- _DATA TO USE_:
::::::
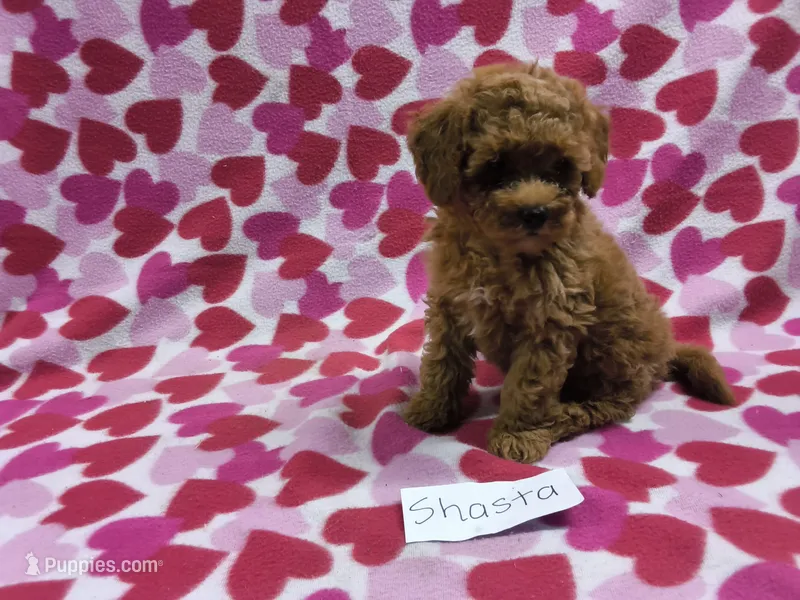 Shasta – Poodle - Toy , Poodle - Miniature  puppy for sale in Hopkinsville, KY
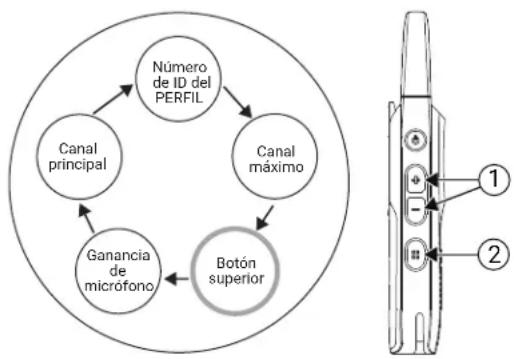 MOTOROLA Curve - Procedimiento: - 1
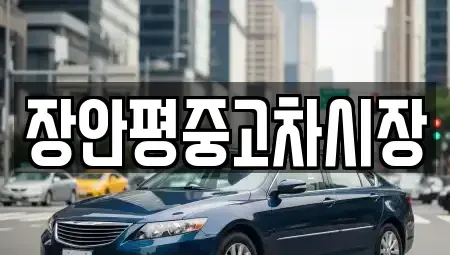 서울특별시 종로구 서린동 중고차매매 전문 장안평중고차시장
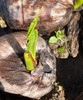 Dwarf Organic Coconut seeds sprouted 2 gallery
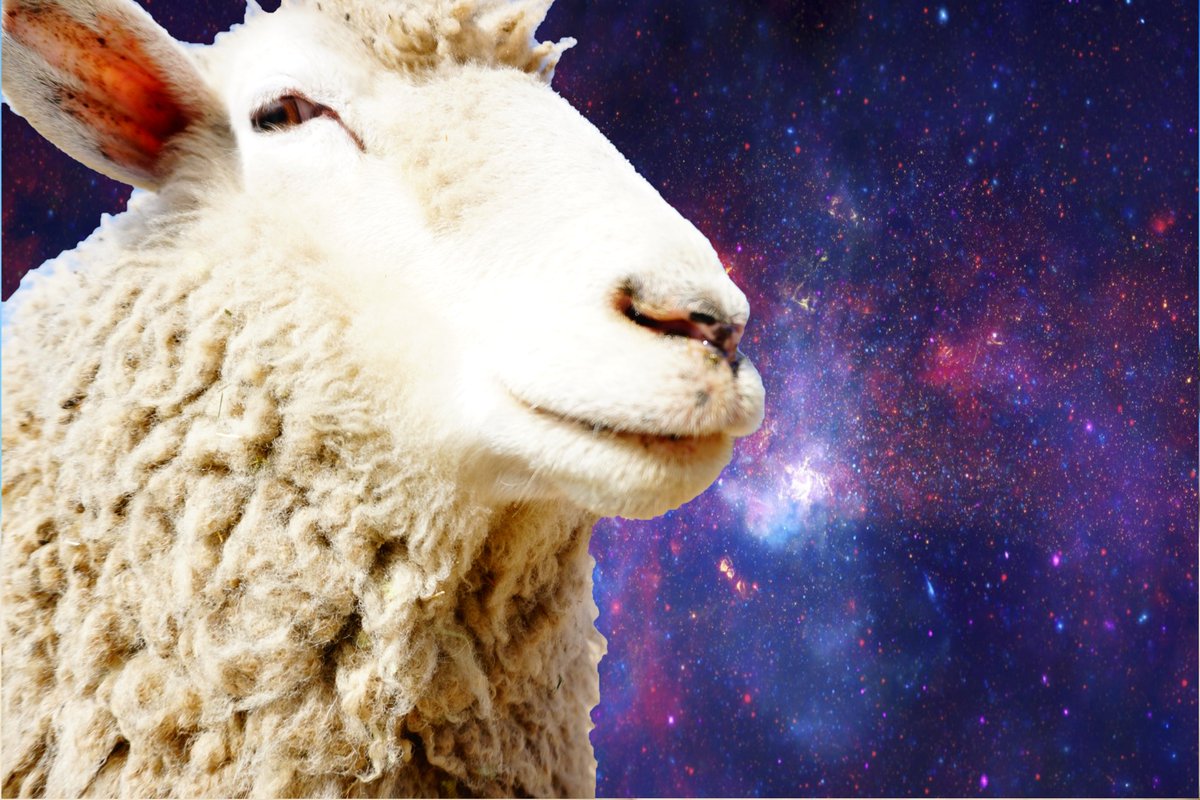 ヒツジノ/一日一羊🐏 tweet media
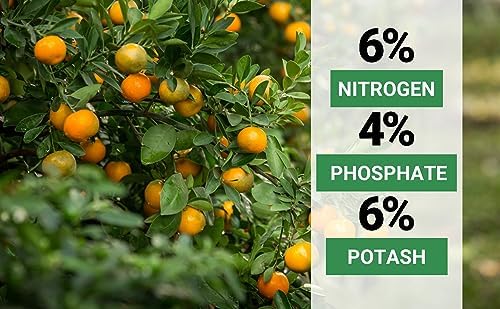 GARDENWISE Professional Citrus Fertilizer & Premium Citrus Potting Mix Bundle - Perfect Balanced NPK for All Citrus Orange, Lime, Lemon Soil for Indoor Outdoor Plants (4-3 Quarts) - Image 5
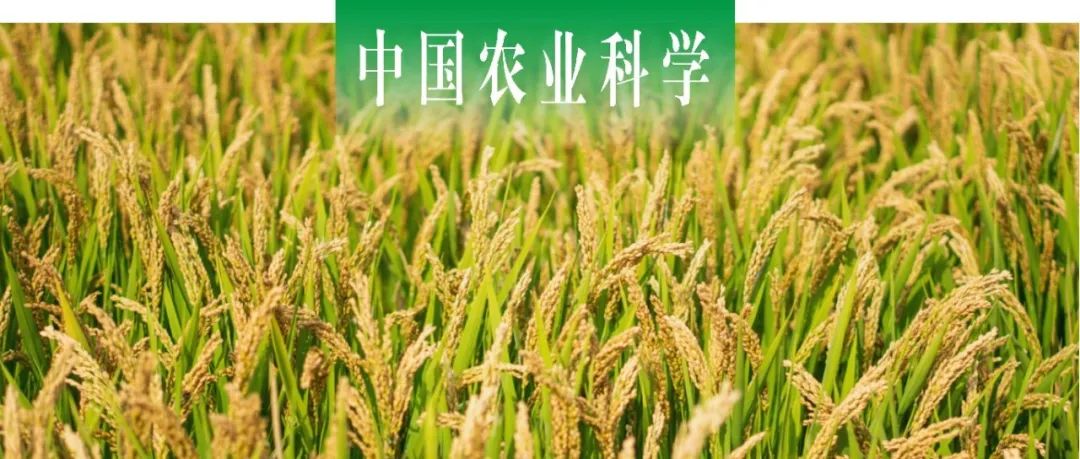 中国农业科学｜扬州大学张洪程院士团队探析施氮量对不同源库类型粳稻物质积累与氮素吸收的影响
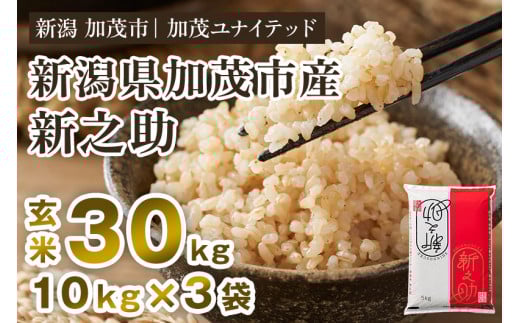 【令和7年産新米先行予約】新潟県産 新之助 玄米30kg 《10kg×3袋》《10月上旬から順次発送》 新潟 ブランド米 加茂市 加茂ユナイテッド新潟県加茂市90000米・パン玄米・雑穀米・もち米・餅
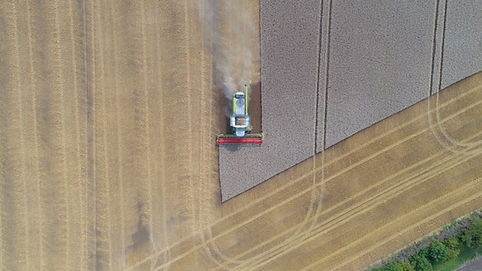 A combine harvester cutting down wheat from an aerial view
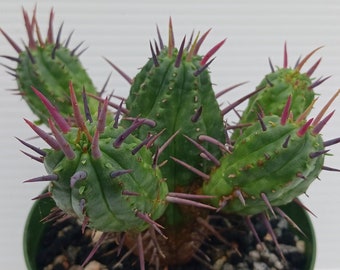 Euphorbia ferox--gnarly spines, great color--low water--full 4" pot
::::::
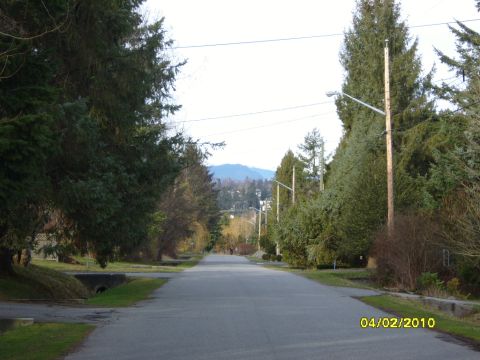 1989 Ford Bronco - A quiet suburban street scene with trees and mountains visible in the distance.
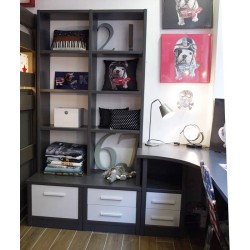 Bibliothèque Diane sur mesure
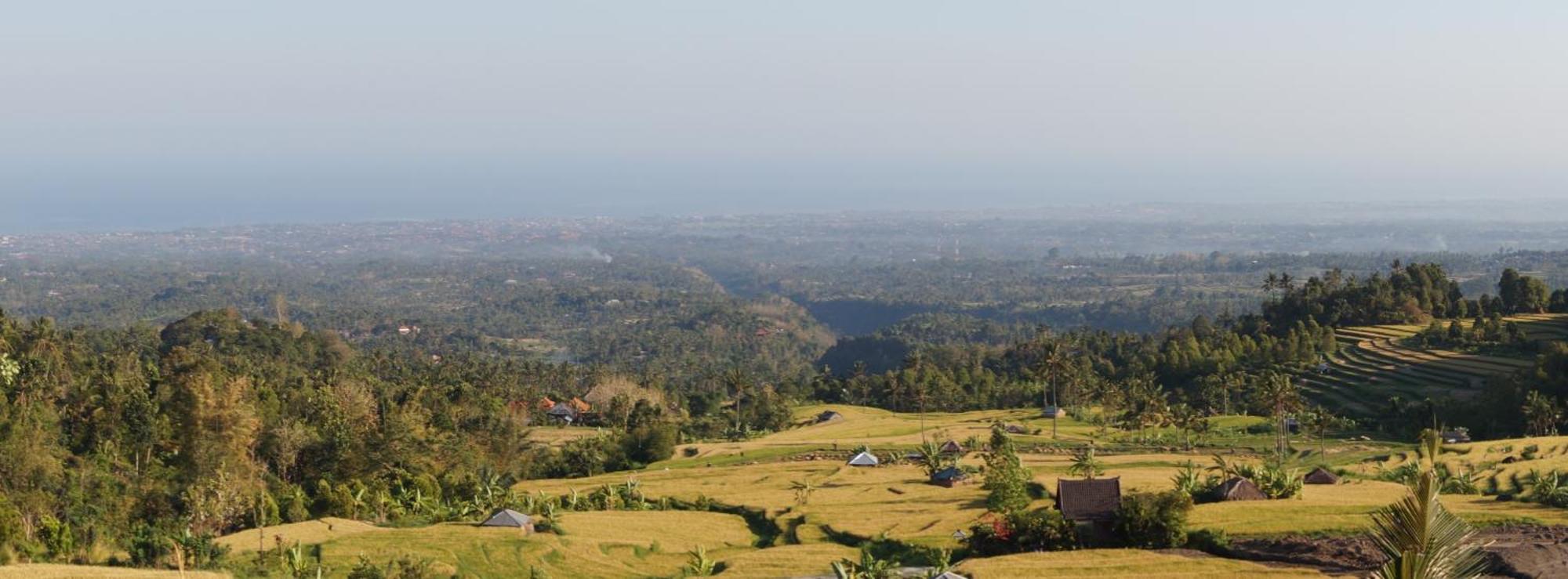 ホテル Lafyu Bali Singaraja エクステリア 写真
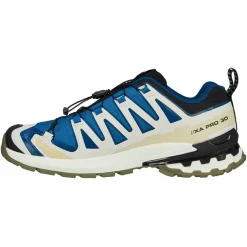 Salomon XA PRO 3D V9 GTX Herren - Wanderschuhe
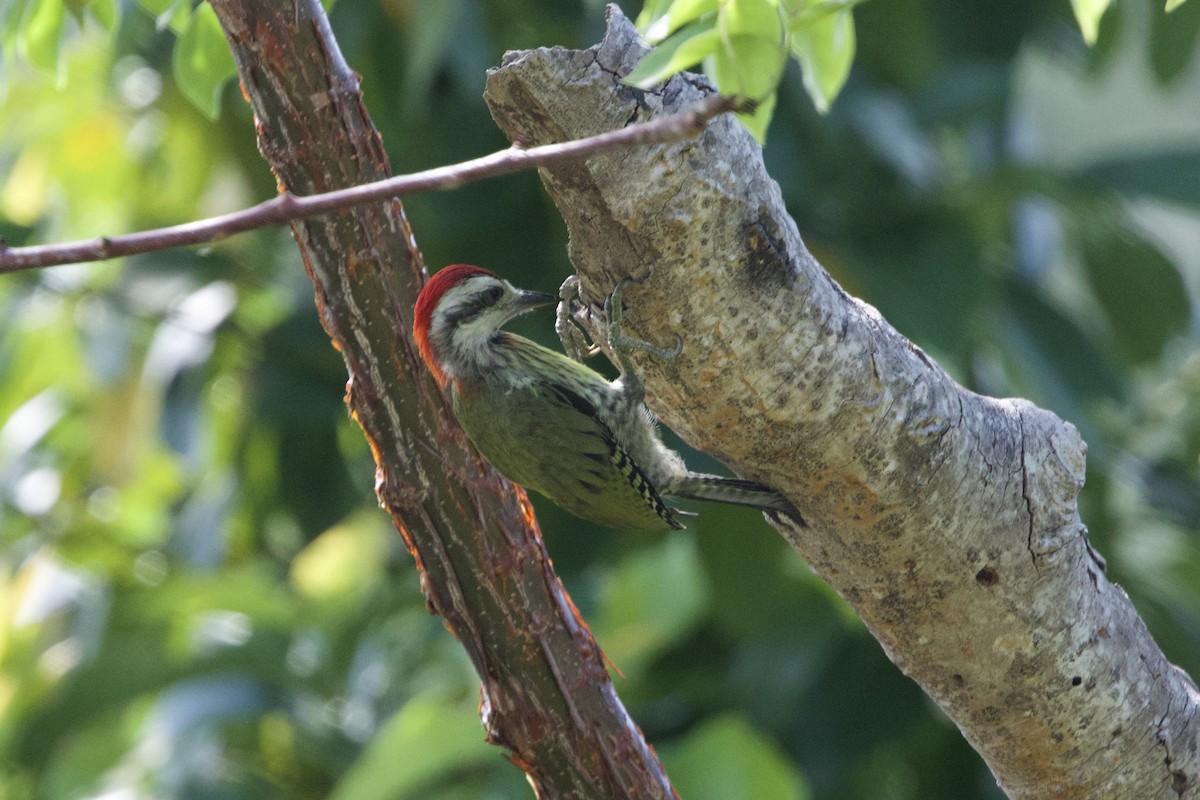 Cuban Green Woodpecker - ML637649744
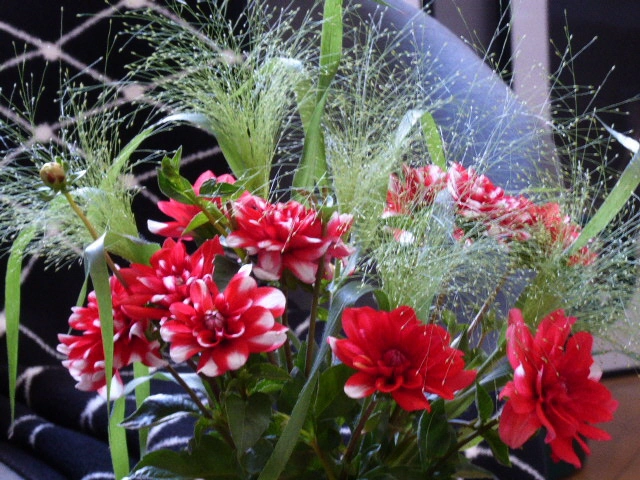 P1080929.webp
::::::
- _WORK ITEM_: Going back to the data above, write out everything from the line with "ブランド米 加茂市 加茂ユナイテッド新潟県加茂市90000米・パン玄米・雑穀米・もち米・餅" down to the line with "Euphorbia ferox--gnarly spines, great", both included, leaving every picture out.

- _TASK RESPONSE_:
 【令和7年産新米先行予約】新潟県産 新之助 玄米30kg 《10kg×3袋》《10月上旬から順次発送》 新潟 ブランド米 加茂市 加茂ユナイテッド新潟県加茂市90000米・パン玄米・雑穀米・もち米・餅
 A combine harvester cutting down wheat from an aerial view
 Euphorbia ferox--gnarly spines, great color--low water--full 4" pot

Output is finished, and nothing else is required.